A Critique of John Locke’s Denial of Innatism

INTRODUCTION

          The human quest to know has really gone too far as to justify the very first statement of Aristotle in his metaphysics “παντες ανθροποι του είδεναί ορεγονται φυδει.”[1] (All men by nature desire to know). This quest has given birth to philosophy, epistemology.

Epistemology is a branch of philosophy that enquires into the scope, nature, process and source of human knowledge. Albeit epistemology is a necessary part of philosophy; it has cut across the thoughts of philosophers throughout all the epochs of philosophy.

Although sometimes latent, there is always an implicit theory of knowledge in the philosophies of different ages; each with its own peculiarity. Each era has elements which characterized their philosophy and enquiry. Hence Batista Mondin observes: “The Ancient period, medieval and modern periods are characterized by Cosmocentricism, Theocentricism and Anthropocentricism respectively.”[2]

Hence, from the above, one may infer that what informs the epistemology of each epoch is its concentration of man’s search centered on the world, on God and on man respectively.

As this quest for knowledge continued, there existed a particular school whose philosophical attitudes were skeptical. They believed and taught that the human mind is incapable of attaining truth. They admitted the fact that human mind is restricted from attaining the truth of things. This group was known as the Sophists. It was really this group that triggered the search for certainty of human knowledge.

After them, some philosophers like Socrates, Plato and Aristotle expressed their views about knowledge and its origin. Socrates believed that the human mind has some truth in it. It only takes but the process of dialectics to bring to limelight this truth which is innate in the mind. Thus, Socrates was the indirect originator of innate ideas, though Plato is generally regarded as the father of innatism.

Socrates had a pivotal influence on Plato that he basically developed his philosophy from Socrates. Among all his theories of knowledge is the celebrated theory of the world of Forms. Here he said that the human soul existed in the previous world (the world of Forms). This previous world, he regarded as the real world and the empirical world he called a reflection of this real world. According to him, in the real world the human mind was furnished with some ideas (innate ideas) which it in turn remembers in the empirical world. Therefore, the human mind only remembers the form of things which it acquired in the ideal world.
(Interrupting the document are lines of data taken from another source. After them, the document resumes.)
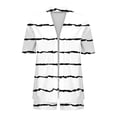 thumbnail image 6 of Frostluinai Travel Outfits for Women 2 Piece Sets Striped Lounge Outfits Short Sleeve Open Front Kimono Tops and Shorts with Pokcet White L, 6 of 7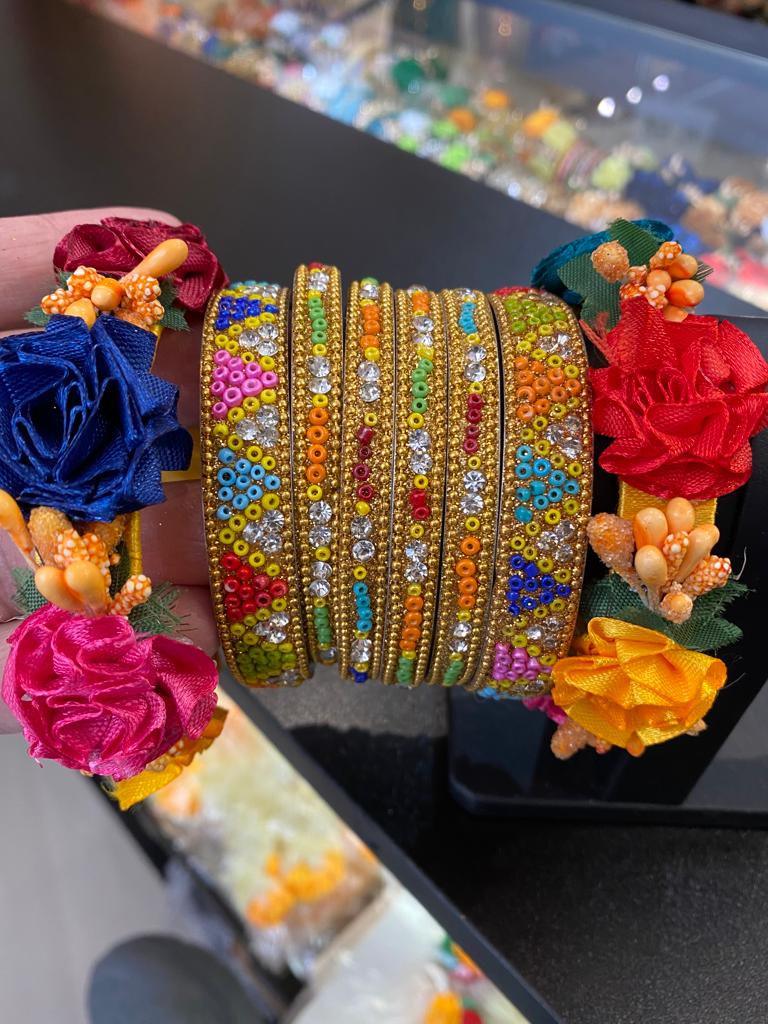Flower Bangles set G- Areeba's Couture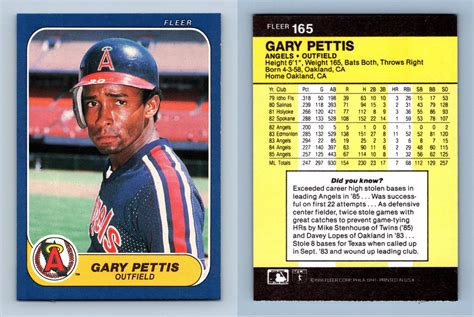 Gary Pettis Angels Fleer Baseball Trading Card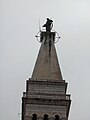 Top of the bell tower with statue of St. Euphemia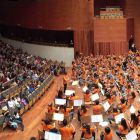 Los músicos e instrumentistas de las escuelas de música de Balaguer, Mollerussa, les Garrigues y Lleida actuaron el domingo en el Auditori. 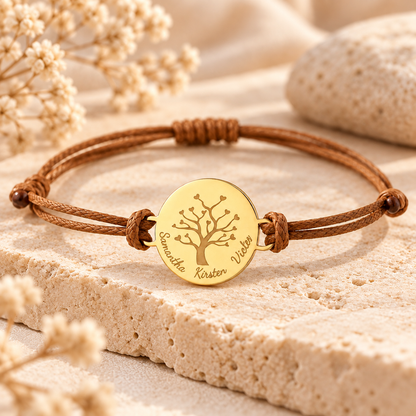Bracelet arbre de vie personnalisé doré posé sur une pierre naturelle beige dans une ambiance élégante et chaleureuse
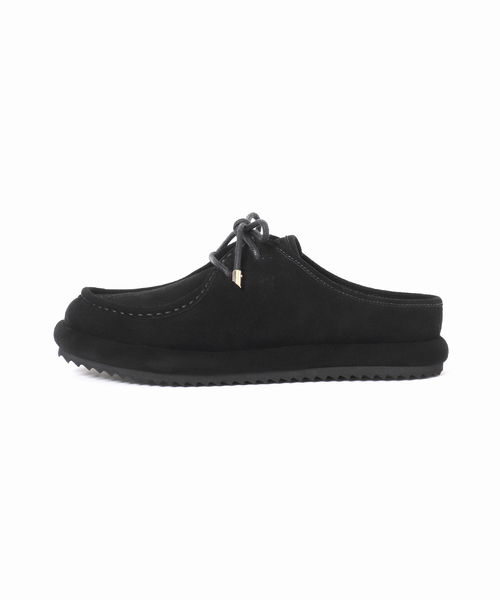journal standard L'essage（ジャーナルスタンダードレサージュ）の「CAMINANDO/カミナンド SUEDE LACE UP MULES ミュール（その他シューズ・レディース・ブラック・9/XX-SMALL/7/6）」の4枚目の写真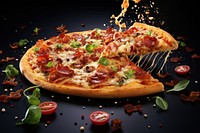 Delicious pizza food advertisement mozzarella. 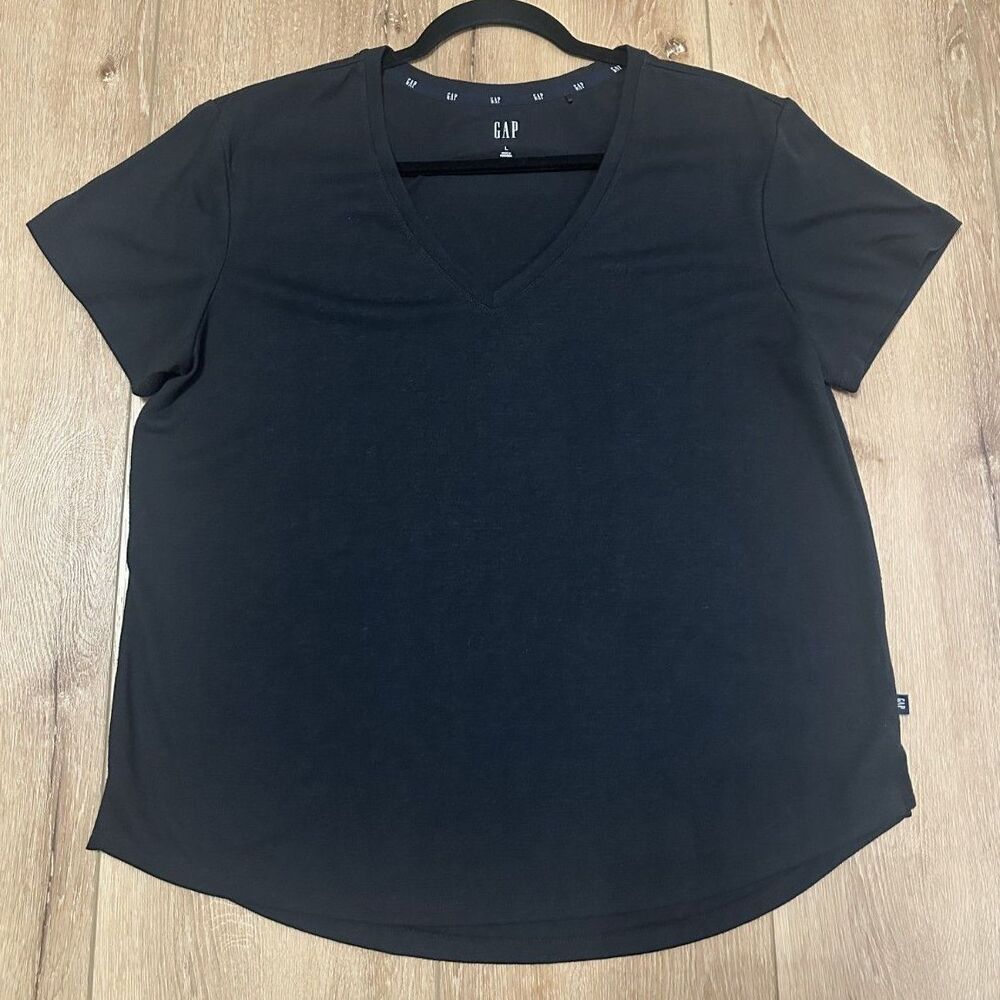 Women's Gap Linen Blend V-Neck Tee Shirt Large Black EUC!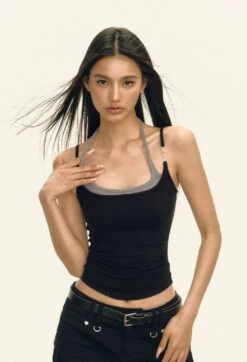 Sleeveless Layered Tank Top With Adjustable Straps -Modern Wear Shop d610afd8c4b855e894dbc140d215cfb7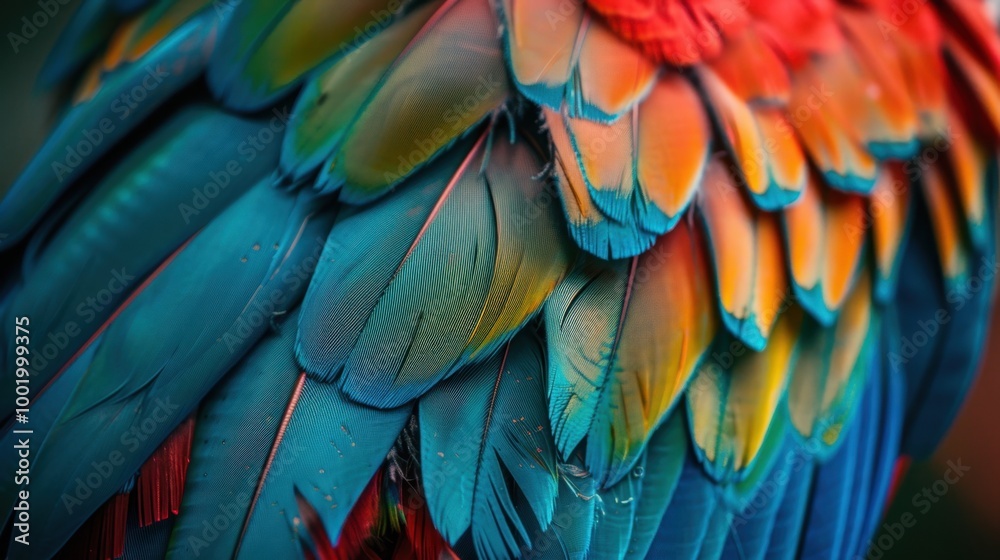 Obraz premium Vibrant Feathers of a Colorful Parrot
In his own theory of knowledge, Augustine was concerned more with overcoming skepticism. He employed the principle of contradiction to reply to them. According to him, the mind knows that a thing cannot be and at the same time not be. Still in response to the skeptics, he posited the argument that a doubter must exist for him to doubt. B.I. Ewelu puts it clear when he is commenting on this argument: “… a doubter at least is sure of his existence, he must exist in order to doubt: si fallor, sum (if I doubt, I exist).”[3] Hence, a skeptic cannot but admit this fact since he must exist for him to doubt. His being aware of this shows that man can know things for certain. Besides these argument is that of rebuffing. This according to Ewelu holds:

If the skeptic holds that we cannot know anything for certain, it implies that he is certain of this, if he is not certain that human mind is incapable of knowing truth for certain, then he has no grounds for his position.[4]

With the above arguments, Augustine proved the skeptics wrong by positing that the human mind is capable of knowing truth for certain.

This argument on knowledge continued down to the modern era when it was re–ignited by the radical revolution of René Descartes. Through his methodic doubt, he tried to establish afresh, ignoring the previous proposition that, he exists. He sought to establish fact that he exists and that his mind is capable of attaining certain truth. Hence he said:

Because I wished to give myself entirely to the search after truth, I thought that it was necessary for me to adopt an apparently apposite course and to reject as absolutely false everything concerning which I could imagine the least ground of doubt, in order to see whether afterwards there remained anything in my beliefs which was entirely certain[5]

     Modern philosophers were specifically occupied with the problem of human knowledge. This continued till the emergence of the celebrated work of the popular 17th century British empiricist, John Locke’s Essay concerning Human Understanding. In the book I of this Essay entitled “Neither Principles nor Ideas are Innate”, he mercilessly criticized innate ideas. For him:

it is an established opinion amongst some men, that there are in the understanding certain innate principles, some primary notion κοίνατ εννοίαι, characters, as it were stamped upon the mind of man which the soul receives in its very first being and brings into the world with it. It would be sufficient to convince unprejudiced readers of the falseness of this supposition if I should only show (as I hope I shall in the following parts of this Discourse) how men, barely by the use of their natural faculties, may attain to all the knowledge they have, without the help of any innate impressions, and may arrive at certainty, without any such original notions or principle8

From the above assertion, Locke was extremely attacking the world of form of Plato by denying totally that the mind is devoid of any idea when coming into the world. He boasted to explain the origin of all human knowledge through experience, thereby subscribing to empiricism. With John Locke’s essay, the gap between rationalism and empiricism was pronounced.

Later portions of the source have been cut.